State v. Thomas F. Ball, II

CourtCourt of Appeals of Wisconsin
DecidedApril 15, 2020
Docket2018AP002184-CR, 2018AP002185-CR
StatusUnpublished

This text of State v. Thomas F. Ball, II (State v. Thomas F. Ball, II) is published on Counsel Stack Legal Research, covering Court of Appeals of Wisconsin primary law. Counsel Stack provides free access to over 12 million legal documents including statutes, case law, regulations, and constitutions.

Bluebook
State v. Thomas F. Ball, II, (Wis. Ct. App. 2020).

Opinion

COURT OF APPEALS DECISION NOTICE DATED AND FILED This opinion is subject to further editing. If published, the official version will appear in the bound volume of the Official Reports. April 15, 2020 A party may file with the Supreme Court a Sheila T. Reiff petition to review an adverse decision by the Clerk of Court of Appeals Court of Appeals. See WIS. STAT. § 808.10 and RULE 809.62.

Appeal Nos. 2018AP2184-CR Cir. Ct. No. 2000CF358 2000CF367 2018AP2185-CR

STATE OF WISCONSIN IN COURT OF APPEALS DISTRICT II

STATE OF WISCONSIN,

PLAINTIFF-RESPONDENT,

V.

THOMAS F. BALL, II,

DEFENDANT-APPELLANT.

APPEALS from judgments and orders of the circuit court for Washington County: JAMES K. MUEHLBAUER, Judge. Affirmed.

Before Neubauer, C.J., Reilly, P.J., and Gundrum, J.

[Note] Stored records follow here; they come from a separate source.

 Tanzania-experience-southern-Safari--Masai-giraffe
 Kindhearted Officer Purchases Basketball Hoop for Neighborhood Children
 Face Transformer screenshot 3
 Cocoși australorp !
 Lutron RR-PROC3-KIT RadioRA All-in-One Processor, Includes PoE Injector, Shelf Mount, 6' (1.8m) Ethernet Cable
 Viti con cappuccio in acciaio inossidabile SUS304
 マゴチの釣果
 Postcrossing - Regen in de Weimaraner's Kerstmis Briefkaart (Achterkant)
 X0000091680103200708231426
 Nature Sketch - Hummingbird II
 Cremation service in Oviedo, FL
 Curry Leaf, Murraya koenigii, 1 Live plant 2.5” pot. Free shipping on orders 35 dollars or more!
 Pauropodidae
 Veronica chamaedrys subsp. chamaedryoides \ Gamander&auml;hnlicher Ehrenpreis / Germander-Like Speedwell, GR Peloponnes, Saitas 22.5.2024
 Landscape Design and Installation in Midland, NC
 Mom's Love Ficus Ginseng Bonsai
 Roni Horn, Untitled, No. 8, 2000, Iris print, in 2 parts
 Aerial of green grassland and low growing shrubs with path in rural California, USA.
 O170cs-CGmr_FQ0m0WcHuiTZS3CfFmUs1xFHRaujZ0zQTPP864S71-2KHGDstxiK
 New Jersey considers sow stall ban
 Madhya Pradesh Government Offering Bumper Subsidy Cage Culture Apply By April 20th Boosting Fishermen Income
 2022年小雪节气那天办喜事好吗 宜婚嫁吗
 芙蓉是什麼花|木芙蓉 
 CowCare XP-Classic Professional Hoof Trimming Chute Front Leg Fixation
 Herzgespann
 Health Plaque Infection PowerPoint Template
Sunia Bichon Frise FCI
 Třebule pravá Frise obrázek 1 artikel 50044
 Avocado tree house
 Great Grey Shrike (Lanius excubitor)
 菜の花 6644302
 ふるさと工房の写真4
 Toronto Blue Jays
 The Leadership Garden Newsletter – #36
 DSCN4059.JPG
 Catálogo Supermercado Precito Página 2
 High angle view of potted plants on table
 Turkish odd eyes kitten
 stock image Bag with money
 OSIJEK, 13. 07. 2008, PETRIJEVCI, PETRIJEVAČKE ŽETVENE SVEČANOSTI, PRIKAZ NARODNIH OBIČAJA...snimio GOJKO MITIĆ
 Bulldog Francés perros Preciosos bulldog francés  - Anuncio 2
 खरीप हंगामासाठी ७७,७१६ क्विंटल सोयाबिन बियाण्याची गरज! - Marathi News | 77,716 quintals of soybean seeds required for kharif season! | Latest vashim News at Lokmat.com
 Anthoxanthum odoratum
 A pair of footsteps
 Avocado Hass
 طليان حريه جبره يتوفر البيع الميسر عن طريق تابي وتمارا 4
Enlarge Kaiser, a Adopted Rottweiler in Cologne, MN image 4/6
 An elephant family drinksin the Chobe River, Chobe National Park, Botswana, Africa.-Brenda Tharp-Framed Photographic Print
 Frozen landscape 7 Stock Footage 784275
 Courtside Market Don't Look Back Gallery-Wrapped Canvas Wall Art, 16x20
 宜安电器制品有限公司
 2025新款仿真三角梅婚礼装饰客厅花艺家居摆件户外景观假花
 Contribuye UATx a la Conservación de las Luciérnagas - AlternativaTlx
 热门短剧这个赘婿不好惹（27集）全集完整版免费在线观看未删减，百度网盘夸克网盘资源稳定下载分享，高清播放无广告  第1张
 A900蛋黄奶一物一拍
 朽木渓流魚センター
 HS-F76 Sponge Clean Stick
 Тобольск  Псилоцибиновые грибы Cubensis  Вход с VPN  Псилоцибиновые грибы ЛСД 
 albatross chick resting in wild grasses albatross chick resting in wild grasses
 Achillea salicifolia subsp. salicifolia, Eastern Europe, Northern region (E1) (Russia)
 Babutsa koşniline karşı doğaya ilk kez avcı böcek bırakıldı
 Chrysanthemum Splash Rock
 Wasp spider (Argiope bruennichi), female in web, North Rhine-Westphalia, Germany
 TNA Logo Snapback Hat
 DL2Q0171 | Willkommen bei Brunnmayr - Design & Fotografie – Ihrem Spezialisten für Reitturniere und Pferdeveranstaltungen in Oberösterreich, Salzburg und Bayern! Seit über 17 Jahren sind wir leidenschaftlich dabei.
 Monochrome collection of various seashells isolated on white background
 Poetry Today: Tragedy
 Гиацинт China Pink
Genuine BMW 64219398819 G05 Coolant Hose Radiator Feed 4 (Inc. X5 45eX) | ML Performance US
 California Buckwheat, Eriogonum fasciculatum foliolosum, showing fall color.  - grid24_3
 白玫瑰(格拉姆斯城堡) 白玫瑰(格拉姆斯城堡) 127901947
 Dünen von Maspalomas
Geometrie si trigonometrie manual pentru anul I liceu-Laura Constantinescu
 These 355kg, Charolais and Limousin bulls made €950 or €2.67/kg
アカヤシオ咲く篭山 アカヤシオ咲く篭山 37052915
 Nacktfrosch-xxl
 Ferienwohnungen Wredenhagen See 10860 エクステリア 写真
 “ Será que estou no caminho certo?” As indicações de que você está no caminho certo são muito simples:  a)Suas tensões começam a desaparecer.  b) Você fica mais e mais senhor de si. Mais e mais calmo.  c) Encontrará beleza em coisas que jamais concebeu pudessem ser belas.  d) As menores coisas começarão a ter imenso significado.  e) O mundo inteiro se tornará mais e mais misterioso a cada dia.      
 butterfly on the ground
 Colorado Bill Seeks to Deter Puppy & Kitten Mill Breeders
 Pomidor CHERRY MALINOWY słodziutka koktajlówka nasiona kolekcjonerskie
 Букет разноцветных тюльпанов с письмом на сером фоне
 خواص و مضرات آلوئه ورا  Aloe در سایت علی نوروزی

Per curiam opinions may not be cited in any court of this state as precedent

or authority, except for the limited purposes specified in WIS. STAT. RULE 809.23(3). Nos. 2018AP2184-CR 2018AP2185-CR

¶1 PER CURIAM. In these consolidated cases, Thomas F. Ball, II, appeals from judgments convicting him of nine crimes and from the orders denying his postconviction motions.1 Ball contends defense counsel performed ineffectively at resentencing by failing to challenge the structure of his sentences and his sentence credit and failing to request a restitution hearing. He also contends a new factor merits sentence modification. His arguments are unpersuasive; we affirm.

I. Background

A. Case No. 00CF358

¶2 Ball, a heroin addict and convicted felon, robbed a bank while masked and wielding a stolen gun. He and his accomplice then led police on a thirty-eight-mile high-speed chase. An officer was injured in an attempt to apprehend Ball. Ball ultimately pled no contest to being party to a crime of armed robbery with threat of force (“bank robbery”), first-degree reckless endangerment, and endangering safety by reckless use of a firearm. The bank robbery carried a concealing-identity penalty enhancer; all counts carried a repeater enhancer.

B. Case No. 00CF367

¶3 Two days later, Ball, in custody and suffering heroin withdrawal, was transported in ankle shackles to a hospital for medical treatment. There, he stabbed Washington County Detective Marie Joers with his IV needle and

1 The Honorable Annette K. Ziegler presided over the proceedings through Ball’s initial sentencing. The Honorable James K. Muehlbauer presided over Ball’s resentencing and postconviction hearings.

2 Nos. 2018AP2184-CR 2018AP2185-CR

demanded her service revolver. She refused to give it up, so he choked her to unconsciousness and seized it. When Joers came to, Ball pointed the gun at her and demanded her keys so he could remove his shackles. She refused.

¶4 Joers and a nurse tried to wrest the gun from Ball. Ball overpowered them, losing his hospital gown in the struggle. He again pointed the gun at Joers. When she still refused to give him her keys, Ball pulled the trigger twice but the gun did not fire. Ball chambered a round and shot off one of his shackles. Naked and bleeding, he fled on foot, firing more shots as he ran.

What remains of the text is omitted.